DC’s iconic thoroughfare, home to lobbyists, lawyers, and think tanks is so renowned it inspired its own show on HBO.

Starting as Water Street under the Whitehurst Freeway in Georgetown, it crosses Washington Circle to become a multi-modal corridor. It skirts by Farragut Square, Franklin Park, and Mount Vernon Square before quieting down in the H Street area.

9) 8th Street SE/NE

Perhaps best known for the Marine Corps Barracks at 8th & I, the Barracks Row section of Southeast is perhaps the quadrant’s nicest. 8th Street serves as the main corridor between Navy Yard and the H Street area. Eventually, 8th Street will be multimodal, getting a streetcar. The corner of 8th and H will likely be a big hub for the system.

8) Columbia Road NW

Running from the McMillian Reservoir down to Kalorama, Columbia Road connects some of Northwest’s hippest neighborhoods. In Park View and Columbia Heights, it is mostly one-way residential, boasting attractive Federal and Victorian row houses, respectively.

West of 14th Street, it transitions into more of a main street. Most notably, it is the axis between the hearts of Columbia Heights and Adams Morgan, connecting two of the hottest night life districts in the city.

7) Pennsylvania Avenue NW/SE

When it comes to monumental, it doesn’t get bigger than Pennsylvania Avenue, perhaps anywhere in the world. It is the axis between the White House and the Capitol, but so much more. It begins in Georgetown and runs through Foggy Bottom and Washington Circle.

East of the Capitol, it runs through some of the more prominent neighborhoods of Capitol Hill, including Eastern Market and Barney Circle before heading over the John Phillip Sousa Bridge to Randle Highlands and Fort Davis Park. Of course, it is most famous for 1600, the address we all associate with the home of the President of our great nation.

6) H Street NE

For 35 years, H Street reeled from the 1968 riots that hit the corridor quite hard. But for the last eight years, a community-based program to revitalize the stretch has been transforming it into the face of Northeast DC. It will host the first streetcar in the city since they were dismantled in 1962.

The arts and entertainment district by the Atlas Theatre has seen the opening of eclectic night spots like H Street Country Club, Rock and Roll Hotel, Star and Shamrock, Bier Garten Haus, Palace of Wonders, Little Miss Whiskey’s, and Sova, giving the stretch a night life that is beginning to rival Adams Morgan’s.

Currently, the ubiquitous construction on the route makes it not much to look at at the moment, but the promise of street cars and vibrant night life has already started to be realized, assuring H Street will be a great street for generations.

5) 14th Street SW/NW

When entering Washington from Virginia on the 14th Street Bridge, it is immediately obvious that you are in a capital city, passing the Mint

Bureau of Engraving and Printing and then through the heart of the National Mall.

At Thomas Circle, the street becomes a little less monumental and a little more local, while remaining iconic.
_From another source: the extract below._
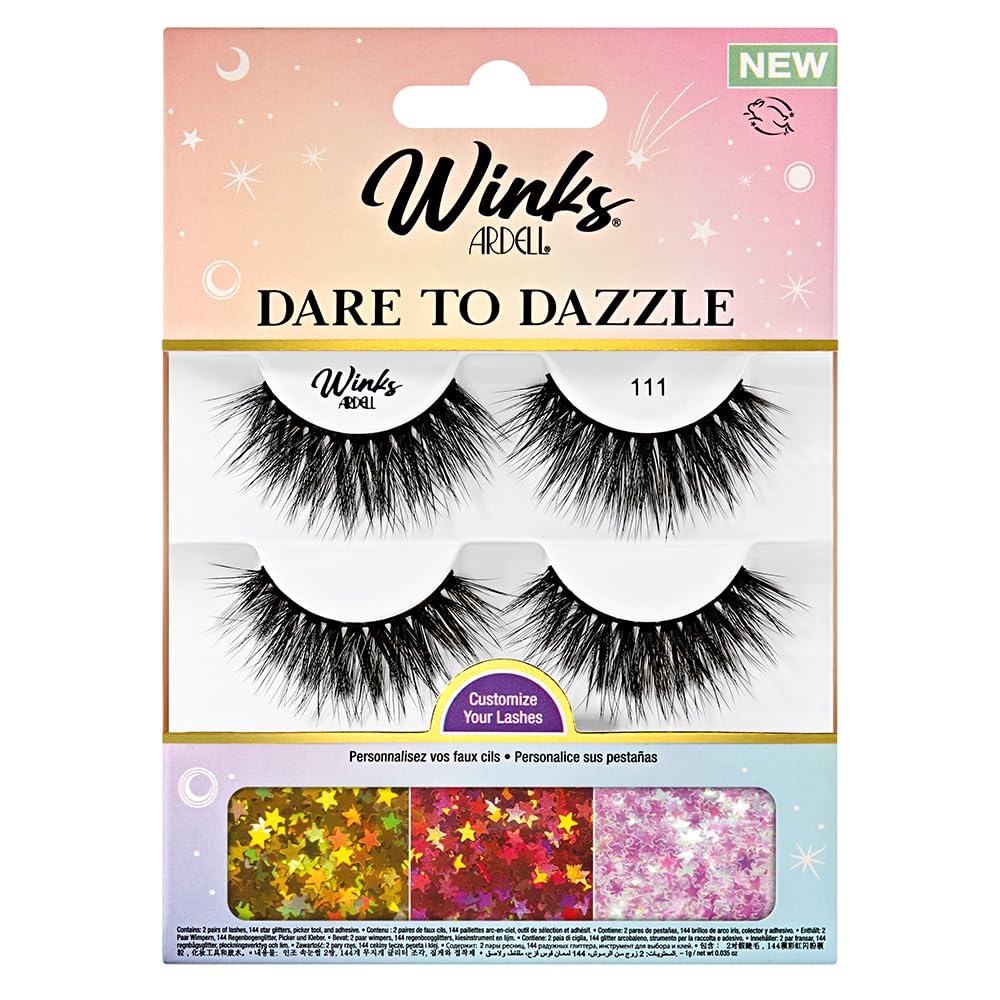 Ardell Winks 111 Lash Kit, Includes False Lashes, 144 Jewels, Lash Adhesive, Picker Tool - Complete False Eyelashes Set Beauty & Personal Care Ardell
Brilliant modern buildings have been sprouting up by classic older buildings, creating an interesting and exciting streetscape.

Perhaps most recognizable these days would be the fantastic redevelopment of Columbia Heights, now one of the most vibrant neighborhoods on the east coast. North of there, 14th Street is a little sleepier but nonetheless charming through 16th Street Heights all the way to Brightwood. From national icon to neighborhood main street, 14th has shown the character and continuity of the DC city street.

4) U Street NW

Bars, jazz and rock music venues, and chili half smokes are what you’re likely to seek on U Street’s prominent corridor between 9th and 16th. But there is a great deal of local history tied to it as well. The African American Civil War Memorial sits at 10th and U.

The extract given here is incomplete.